Às vezes, o passado resolve não passar. Quando buscam uma nova vida, certos indivíduos enfrentam o peso de velhas escolhas, que ressurgem como um incontrolável turbilhão de memórias. Recomeçar é necessário, mas por onde? Existem os que lutam para esconder-se e apagar seus enganos, fugindo do julgamento e ansiando pelo perdão. A verdade, ainda que dolorosa, liberta, mas exige bravura para confrontar fantasmas que não desencarnam. Os embates entre culpa, redenção e identidade são pontos nevrálgicos em “Furioza 2”, alegoria sobre a ambição e um tipo peculiar de gozo. Como em “Furioza” (2021), aqui o polonês Cyprian T. Olencki calcula todo mínimo gesto, pretendendo dar uma orientação ao público quanto à batalha de gângsteres do primeiro filme, mas adicionando os elementos que fazem a história seguir. O roteiro de Olencki conta sobre a ascensão do novo líder de um grupo criminoso com uma pletora de lances rápidos e violentos e alguma margem para arcos quase sublimes.
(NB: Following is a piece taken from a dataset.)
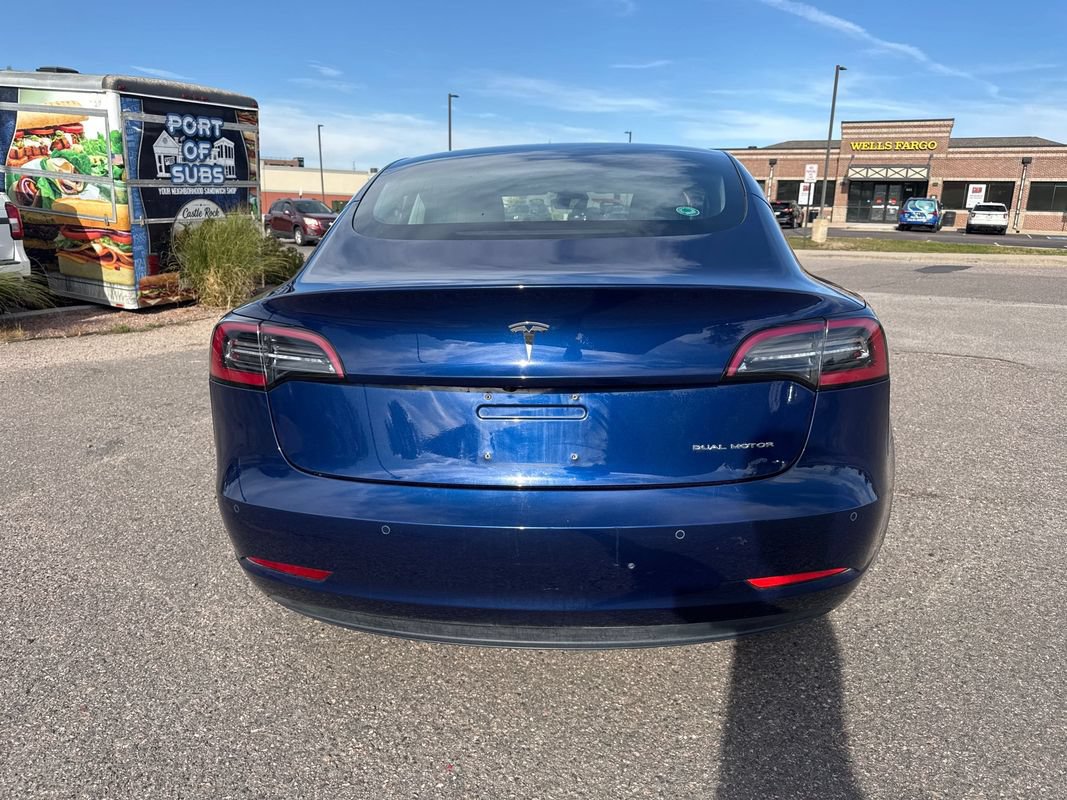 Used 2018 Tesla Model 3 Long Range AWD/4WD image 4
Golden assume o lugar do irmão, Dawid, no comando da Furioza, uma torcida organizada famosa pelo comportamento agressivo. Esses homens fazem do próprio corpo uma arma, princípio observado com rigor, e querem levar sua cólera para além da Polônia, junto com o tráfico de cocaína. Se Dawid apresentava questões internas que o mantinham numa órbita de humanidade, Golden parece ter assumido de vez sua natureza bestial, ganhando aliados e desafetos com isso. Olencki continua fiel a seu propósito de não glamourizar o submundo, mas deixa claro que não abre mão de causar um desconforto e fomentar o debate. A dimensão política da violência aflora à medida que o personagem central surge fortalecido, poderoso, oferecendo suborno a autoridades e espancando inimigos. Seus subordinados copiam-no, e o caos se instala.
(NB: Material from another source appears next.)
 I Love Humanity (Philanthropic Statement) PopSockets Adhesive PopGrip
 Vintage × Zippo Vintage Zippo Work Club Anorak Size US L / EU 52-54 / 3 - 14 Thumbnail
Sem dúvida, o filme torna-se mais perturbador quando começa a ficar mais nítida a relação de Golden e Ewa Drzewiecka, a policial que entrara em sua vida de uma forma um tanto casual e é agora parte de seu futuro. Ela reaparece sem prévio aviso, exigindo que ele coopere com uma investigação, e a engrenagem dessas forças opostas elevam a narrativa a um espetáculo entre grotesco e moralizante, caracterizado pelas lutas de kickboxing e MMA e pela aproximação do bandido e a mulher abnegada que o persegue. Mateusz Damięcki e Weronika Książkiewicz tomam conta de um bom pedaço dos 147 minutos, ora surpreendendo, ora reproduzindo uma fórmula, mas sempre com alguma intenção. Nem que seja a de suscitar um estranhamento prazeroso.